In computer science, an alphabet is a set of symbols (letters or digits are examples of symbols). It is like listing all the letters that can be used to make a word. Each symbol is only listed once. An alphabet has a finite number of symbols. That means you can finish writing down every symbol in an alphabet.


The most common alphabet in computer science is {0,1}. It is called the binary alphabet, because it contains two elements: 0 and 1. A finite string is a finite sequence of symbols from an alphabet. A binary string is a string made from the alphabet {0,1}, for example. An infinite sequence of symbols may be constructed from elements of an alphabet as well.

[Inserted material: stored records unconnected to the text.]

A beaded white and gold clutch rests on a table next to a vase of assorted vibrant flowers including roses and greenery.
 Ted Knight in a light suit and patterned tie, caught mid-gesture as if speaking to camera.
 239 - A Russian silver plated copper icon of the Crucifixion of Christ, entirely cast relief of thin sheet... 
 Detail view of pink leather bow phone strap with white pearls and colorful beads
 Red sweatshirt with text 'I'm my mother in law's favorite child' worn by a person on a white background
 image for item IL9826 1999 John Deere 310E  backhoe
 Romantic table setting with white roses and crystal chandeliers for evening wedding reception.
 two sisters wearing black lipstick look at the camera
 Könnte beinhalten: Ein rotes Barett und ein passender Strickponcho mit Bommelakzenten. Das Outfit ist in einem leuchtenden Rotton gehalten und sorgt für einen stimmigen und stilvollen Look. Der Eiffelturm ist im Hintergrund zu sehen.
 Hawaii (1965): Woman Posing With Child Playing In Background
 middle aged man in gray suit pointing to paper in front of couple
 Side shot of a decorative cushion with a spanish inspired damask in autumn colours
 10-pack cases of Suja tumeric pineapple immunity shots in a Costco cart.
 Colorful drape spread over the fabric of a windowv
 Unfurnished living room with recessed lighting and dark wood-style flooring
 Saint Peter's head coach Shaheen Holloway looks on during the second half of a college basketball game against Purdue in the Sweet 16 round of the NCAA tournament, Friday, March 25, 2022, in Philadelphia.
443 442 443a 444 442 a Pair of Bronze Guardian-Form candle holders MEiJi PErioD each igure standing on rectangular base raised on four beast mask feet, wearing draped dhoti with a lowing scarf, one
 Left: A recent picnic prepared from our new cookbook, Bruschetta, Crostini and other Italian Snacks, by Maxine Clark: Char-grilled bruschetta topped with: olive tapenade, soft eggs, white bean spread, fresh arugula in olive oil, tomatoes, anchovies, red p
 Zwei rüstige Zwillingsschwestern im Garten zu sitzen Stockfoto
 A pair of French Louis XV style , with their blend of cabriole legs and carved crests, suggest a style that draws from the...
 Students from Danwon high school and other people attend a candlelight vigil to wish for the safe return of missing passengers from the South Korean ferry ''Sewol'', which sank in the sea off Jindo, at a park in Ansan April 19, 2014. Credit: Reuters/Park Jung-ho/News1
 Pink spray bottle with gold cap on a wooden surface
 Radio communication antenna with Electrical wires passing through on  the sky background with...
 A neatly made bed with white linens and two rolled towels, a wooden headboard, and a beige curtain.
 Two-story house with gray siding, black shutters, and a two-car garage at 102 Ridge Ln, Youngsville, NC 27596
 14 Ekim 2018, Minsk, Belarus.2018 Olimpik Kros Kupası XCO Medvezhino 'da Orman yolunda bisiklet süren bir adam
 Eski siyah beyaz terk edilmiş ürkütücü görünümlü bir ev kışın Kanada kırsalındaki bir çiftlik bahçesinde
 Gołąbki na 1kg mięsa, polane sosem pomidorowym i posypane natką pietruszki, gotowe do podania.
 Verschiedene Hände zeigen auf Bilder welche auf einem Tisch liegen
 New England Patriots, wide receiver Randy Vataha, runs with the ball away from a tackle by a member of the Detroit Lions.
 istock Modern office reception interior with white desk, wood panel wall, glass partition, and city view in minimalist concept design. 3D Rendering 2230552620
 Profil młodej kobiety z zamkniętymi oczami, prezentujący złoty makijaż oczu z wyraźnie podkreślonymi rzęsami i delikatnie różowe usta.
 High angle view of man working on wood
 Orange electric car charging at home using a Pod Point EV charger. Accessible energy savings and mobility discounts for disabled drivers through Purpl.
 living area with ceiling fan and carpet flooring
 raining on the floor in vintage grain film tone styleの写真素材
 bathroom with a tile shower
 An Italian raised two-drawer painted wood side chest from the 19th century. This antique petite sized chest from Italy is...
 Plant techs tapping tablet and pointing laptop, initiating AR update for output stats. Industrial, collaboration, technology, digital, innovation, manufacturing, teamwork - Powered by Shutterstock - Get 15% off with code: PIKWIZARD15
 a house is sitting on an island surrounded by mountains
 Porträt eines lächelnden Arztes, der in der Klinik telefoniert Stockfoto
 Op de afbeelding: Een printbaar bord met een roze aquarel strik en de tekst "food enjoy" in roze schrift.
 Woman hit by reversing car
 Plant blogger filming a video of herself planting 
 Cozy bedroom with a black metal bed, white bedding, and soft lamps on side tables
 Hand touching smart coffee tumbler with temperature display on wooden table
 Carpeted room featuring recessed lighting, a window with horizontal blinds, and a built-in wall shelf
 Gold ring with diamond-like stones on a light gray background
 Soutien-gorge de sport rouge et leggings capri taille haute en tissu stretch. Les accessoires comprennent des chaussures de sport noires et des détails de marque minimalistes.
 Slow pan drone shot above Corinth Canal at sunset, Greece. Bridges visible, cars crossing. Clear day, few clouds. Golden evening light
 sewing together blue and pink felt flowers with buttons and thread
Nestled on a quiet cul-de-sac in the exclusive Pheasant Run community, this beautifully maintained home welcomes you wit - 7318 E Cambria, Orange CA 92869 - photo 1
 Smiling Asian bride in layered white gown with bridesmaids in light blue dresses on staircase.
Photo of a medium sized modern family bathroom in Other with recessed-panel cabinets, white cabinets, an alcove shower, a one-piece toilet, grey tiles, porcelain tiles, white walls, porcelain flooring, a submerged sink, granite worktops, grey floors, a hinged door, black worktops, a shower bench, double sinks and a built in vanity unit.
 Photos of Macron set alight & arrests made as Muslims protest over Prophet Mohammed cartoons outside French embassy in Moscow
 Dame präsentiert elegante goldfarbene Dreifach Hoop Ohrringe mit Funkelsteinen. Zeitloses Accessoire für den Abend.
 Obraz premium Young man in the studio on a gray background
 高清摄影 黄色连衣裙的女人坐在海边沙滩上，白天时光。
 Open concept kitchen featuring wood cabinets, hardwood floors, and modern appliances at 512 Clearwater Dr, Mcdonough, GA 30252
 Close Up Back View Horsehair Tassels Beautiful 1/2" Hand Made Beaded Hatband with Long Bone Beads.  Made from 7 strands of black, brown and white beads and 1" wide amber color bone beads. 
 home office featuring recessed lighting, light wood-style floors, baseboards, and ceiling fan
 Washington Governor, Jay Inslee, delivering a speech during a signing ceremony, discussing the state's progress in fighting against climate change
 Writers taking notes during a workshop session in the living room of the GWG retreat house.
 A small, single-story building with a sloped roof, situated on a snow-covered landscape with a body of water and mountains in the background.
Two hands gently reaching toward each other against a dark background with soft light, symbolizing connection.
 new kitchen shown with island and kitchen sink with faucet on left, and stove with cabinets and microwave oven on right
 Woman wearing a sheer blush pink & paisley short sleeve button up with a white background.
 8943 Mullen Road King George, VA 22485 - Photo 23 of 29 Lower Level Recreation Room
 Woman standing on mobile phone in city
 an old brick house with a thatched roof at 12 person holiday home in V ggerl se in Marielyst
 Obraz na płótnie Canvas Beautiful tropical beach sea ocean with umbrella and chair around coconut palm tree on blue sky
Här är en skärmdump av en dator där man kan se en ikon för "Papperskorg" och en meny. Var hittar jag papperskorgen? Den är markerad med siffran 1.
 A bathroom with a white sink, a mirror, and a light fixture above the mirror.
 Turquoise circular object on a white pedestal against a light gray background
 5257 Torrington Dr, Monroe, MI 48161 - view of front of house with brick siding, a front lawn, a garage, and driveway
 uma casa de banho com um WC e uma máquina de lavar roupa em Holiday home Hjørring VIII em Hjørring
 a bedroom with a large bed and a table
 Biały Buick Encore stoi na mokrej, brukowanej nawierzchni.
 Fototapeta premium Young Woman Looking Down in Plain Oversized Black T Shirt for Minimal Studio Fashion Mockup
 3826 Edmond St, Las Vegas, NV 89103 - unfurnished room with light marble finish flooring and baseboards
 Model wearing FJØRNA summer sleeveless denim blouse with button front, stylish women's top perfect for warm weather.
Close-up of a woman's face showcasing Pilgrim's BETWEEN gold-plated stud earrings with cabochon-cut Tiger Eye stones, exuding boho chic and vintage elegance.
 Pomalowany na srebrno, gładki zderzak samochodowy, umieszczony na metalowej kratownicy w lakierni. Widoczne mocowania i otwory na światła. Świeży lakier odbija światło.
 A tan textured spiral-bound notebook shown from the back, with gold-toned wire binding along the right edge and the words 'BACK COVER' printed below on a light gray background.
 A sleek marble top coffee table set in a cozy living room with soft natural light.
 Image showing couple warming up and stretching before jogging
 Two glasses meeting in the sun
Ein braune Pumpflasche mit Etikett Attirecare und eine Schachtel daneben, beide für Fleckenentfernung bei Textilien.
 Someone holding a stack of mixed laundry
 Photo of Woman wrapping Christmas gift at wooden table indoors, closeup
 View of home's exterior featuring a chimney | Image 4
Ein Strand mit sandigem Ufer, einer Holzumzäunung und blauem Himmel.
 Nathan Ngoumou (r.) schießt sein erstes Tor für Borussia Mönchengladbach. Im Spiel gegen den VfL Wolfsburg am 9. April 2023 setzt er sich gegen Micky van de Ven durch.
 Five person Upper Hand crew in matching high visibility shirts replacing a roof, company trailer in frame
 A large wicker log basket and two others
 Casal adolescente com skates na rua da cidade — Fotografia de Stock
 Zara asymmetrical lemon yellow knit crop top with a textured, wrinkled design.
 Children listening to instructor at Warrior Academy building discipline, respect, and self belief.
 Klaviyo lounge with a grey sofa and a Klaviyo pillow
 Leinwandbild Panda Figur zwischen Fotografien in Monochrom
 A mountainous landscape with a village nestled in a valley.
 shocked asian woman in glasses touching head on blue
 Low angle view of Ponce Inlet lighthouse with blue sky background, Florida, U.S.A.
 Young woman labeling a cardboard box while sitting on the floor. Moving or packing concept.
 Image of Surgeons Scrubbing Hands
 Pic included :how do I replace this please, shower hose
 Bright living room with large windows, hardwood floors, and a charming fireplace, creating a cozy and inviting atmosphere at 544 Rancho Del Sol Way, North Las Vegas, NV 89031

Given an alphabet \Sigma, we write \Sigma^* to denote the set of all finite strings over the alphabet \Sigma. Here, the {}^* denotes the Kleene star operator. We write \Sigma^\infty (or occasionally, \Sigma^\N or \Sigma^\omega) to denote the set of all infinite sequences over the alphabet \Sigma.

For example, if we use the binary alphabet {0,1}, the strings (ε, 0, 1, 00, 01, 10, 11, 000, etc.) would all be in the Kleene closure of the alphabet (where ε represents the empty string)

Alphabets are important in the use of formal languages and automatons. Automatons such as Deterministic Finite Automatons (DFAs) require an alphabet in the formal definition. All states in a DFA must have a transition on every element in an alphabet.